Mezarlık poliçeleri !
Sigorta sektörü ülkemizde gelişime açık bir sektör. Yabancı dev şirketlerin Türkiye sigorta pazarına ilgisi devam ediyor. Sigorta sektörünün önündeki en büyük engelin de fiyat rekabeti olduğu biliniyor. Bireysel sigortalar ne yazık ki zorunlu sigortalar dışında çok da hızlı bir ilerleme gösteremiyor. Kurumsal sigortalarda yani ağırlıklı sektörün ender kar ettiği yangın sigortalarında bile gerileme yavaşlasa da sürüyor. 2010 yılının başındaki rakamlara bakıldığında birçok sigorta şirketinin zararda olduğunu görmüştük. Sektör yöneticilerine sorduğumuzda bunun Hazine tarafından yürürlüğe konan ayrılması gereken karşilik tutarları neticesinde gerçekleştiğini belirtiyorlardı. Bir de buna 2009'daki krizin etkisini katarsak 2010 yılının zor geçeceğini tüm sektör tahmin edebiliyordu.
"Ah şu karşılıklar"
Kar edebilenlerin ise ayrılacak karşılıklara karşı önce pozisyon alan şirketlerin olduğu konuşuluyordu. Fakat bu şirketlerin bile bu kredilerini 2010 yılındaki amansız fiyat rekabeti sırasında tükettiği de vurgulanıyor. Şimdi birçok şirket 2010 yılını zarar ile kapatmamak için büyük çaba gösteriyor. Kimi şirketlerin genel müdürleri sermayedarlarının sırtını sıvazlayıp "hadi biraz daha para koyalım" derken bazı şirketler de atıl gayrimenkullerini satışa çıkararak gelen para ile pozisyon belirlemeye çalışıyorlar.
"TOP 5"- "TOP 10"
2010 yılının sigorta şirketleri arasında büyük zararların yazıldığı bir sene olmayacağını umut ediyorum. Fakat bu zarardan ziyade son ikibuçuk ay olması sebebi ile ilk 10 şirket arasındaki sıralama rekabeti çok daha çetin geçecek diye düşünüyorum. İlk 5 rekabeti içerisinde geride kalmış görünen şirketlerin son iki ayda atağa geçmeyi planladığına tanık oluyorum. Bu iki ayda sigorta şirketlerinin rekabeti malum. Geçtiğimiz senelerde bir üst sıraya geçebilmek için şirketlerin "Mezarlık poliçesi" denilen uygulamalara başvurdukları biliniyor. Vadesi gelmemiş poliçeleri önceden yenileyip bu yılın rakamlarına eklendiğini duyuyorduk.

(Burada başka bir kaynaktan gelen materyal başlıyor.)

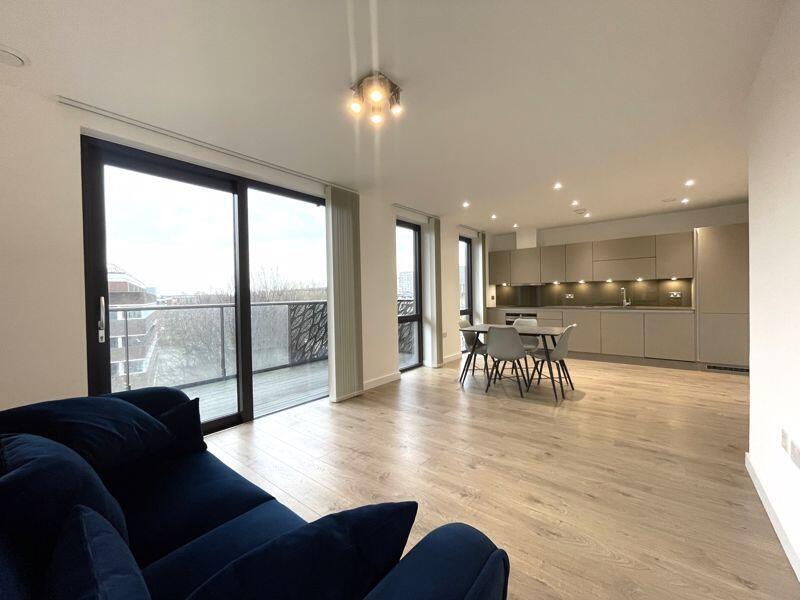 3 bed Apartment for rent in Islington. From Right Now Residential 3 bed Apartment for rent in Islington. From Right Now Residential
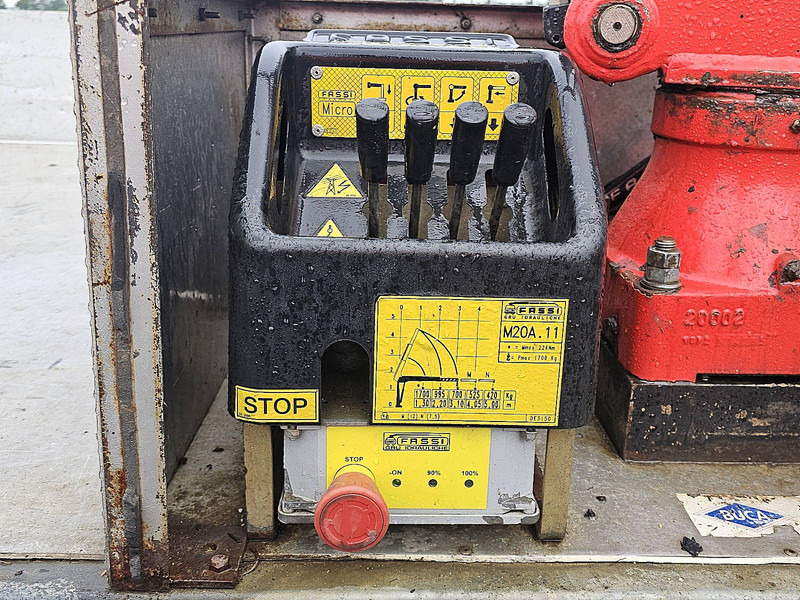 Dostavno vozilo s ravnom platformom Iveco Daily 40C15 XL FASSI laadkraan: slika 13 Dostavno vozilo s ravnom platformom Iveco Daily 40C15 XL FASSI laadkraan: slika 13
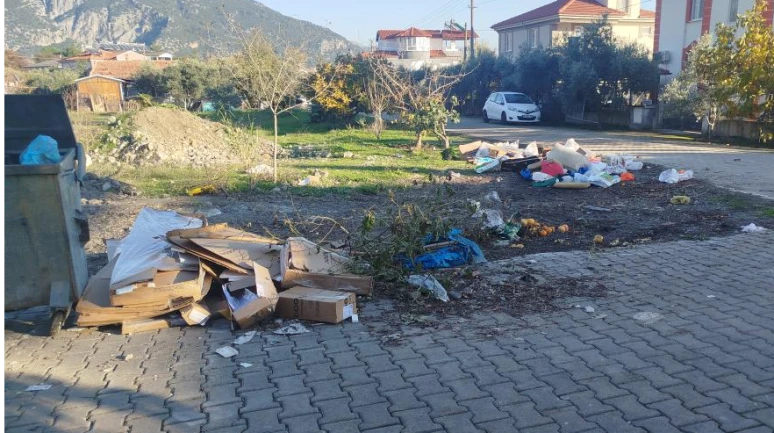 Köyceğiz Yenimahalle’de Çöp Sorunu: Vatandaşlar Şikayetçi
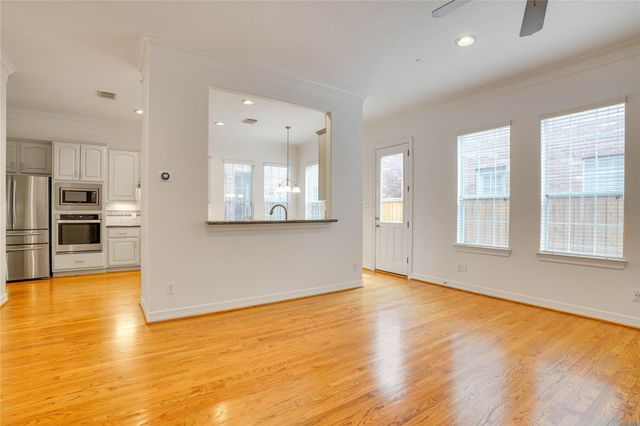 3015 W Park At Fairdale, Houston, TX 77057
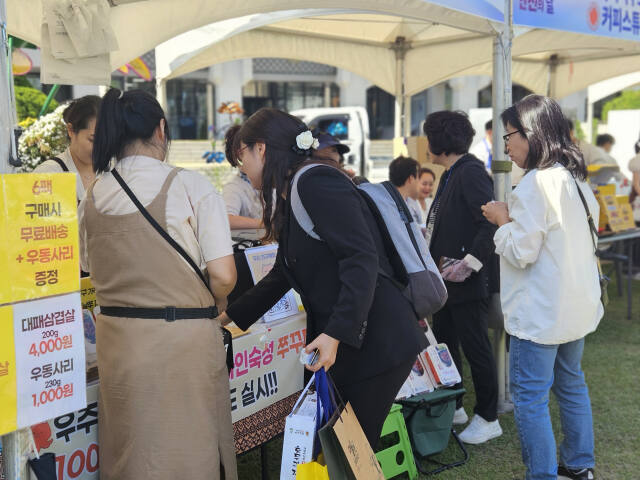 14일 오후 인천시청 애뜰광장에서 열린 식품안전의날 행사에서 시민들이 각 부스를 돌아다니며 식품을 구매하고 있다. 박귀빈기자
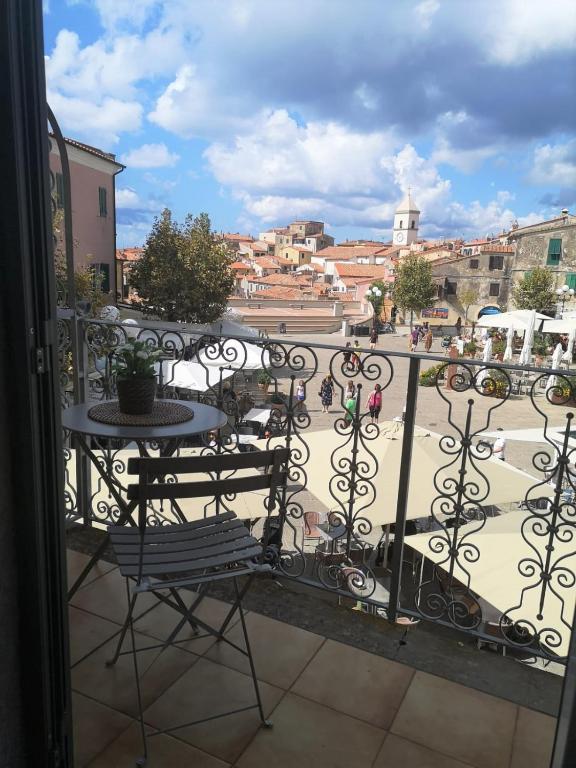 Casa dei canali, sulla piazza del paese - posto auto, deposito biciclette e aria condizionata - 2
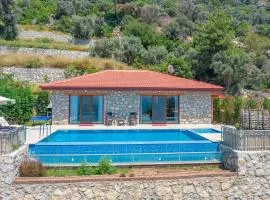 Villa Ahenk / Faralya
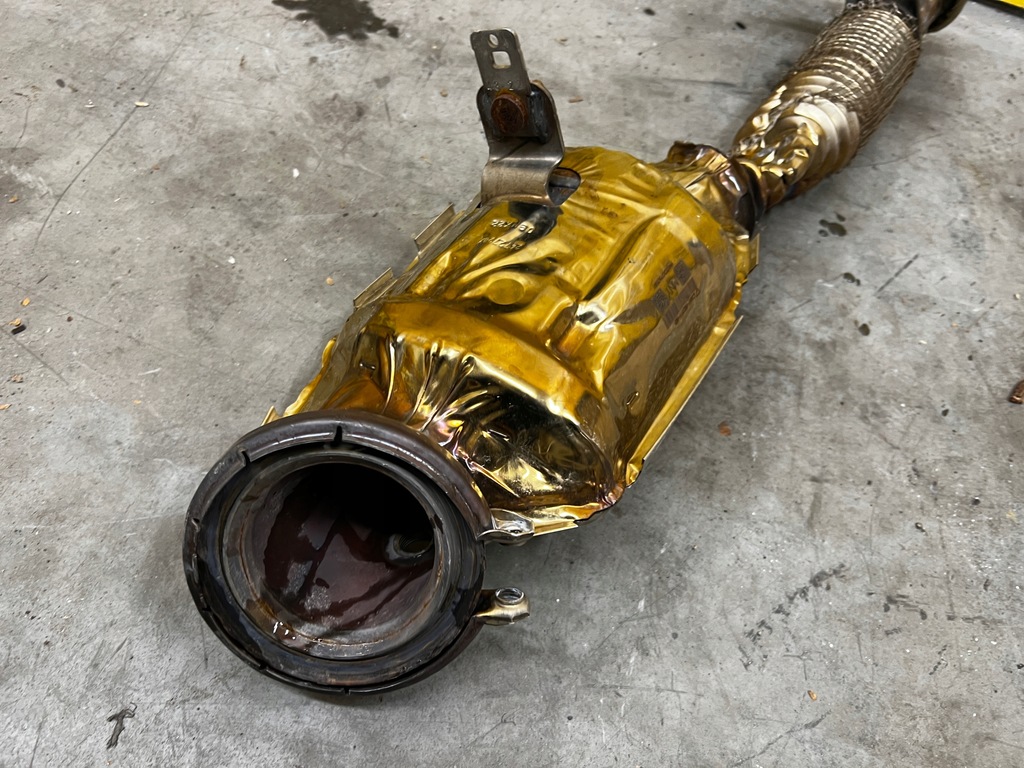 фото №8, Катализатор ford escape mk4 1.5 eb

Tüketici hep indirim isteyecek
Geçenlerde Dubai Group Sigorta'nın acenteler toplantısında Genel Müdür Çetin Alanya "115 bin TL'lik aracın 600 TL'ye sigortalandığını duyuyoruz" demişti. Bu son iki ay rekabetinde kimbilir neler olacak ? Bu fiyat rekabeti tüketiciler tarafından olumlu algılanabilir ama bu süreç böyle devam etmediğinde bunun bir beklenti haline dönüşmesi de sektörün önündeki en büyük tehlike olduğunu düşünüyorum. Bir sigortalı düşünün her yıl poliçesinin fiyatı artacağına düşüyor. Şirket değiştiriyor, çalıştığı şirketi başka bir yere kaçmasın diye fiyat indiriyor ama sonuçta cebinden çıkan para azalıyor. Fakat risk artarak sürüyor. Şimdilik alan da satan da memnun görünüyor ama bu sürecin tersine çevrilmesi her geçen gün de zorlaşıyor.
Acenteler dertli
Bu arada Hazine Müsteşarlığı 08.10.2010 tarih ve 2010/33 sayılı Sektör Duyurusuna istinaden, Karayolları Motorlu Araçlar Zorunlu Mali Sorumluluk Sigortası (Trafik) poliçe iptallerine bir düzenleme getirdi. 1 Kasım 2010 itibari ile isteğe bağlı iptal veya mebdeinden iptal işlemi yapılması engellendi. Trafik poliçeleri sadece mükerreri olması veya araç işleten sıfatının sona ermesi durumunda iptal edilebilecek. Birçok acente dostum bana mail göndererek bu uygulamanın saçma olduğunu ve acenteleri zor duruma sokacağını belirttiler. Umarım bunda bir orta yol bulunur.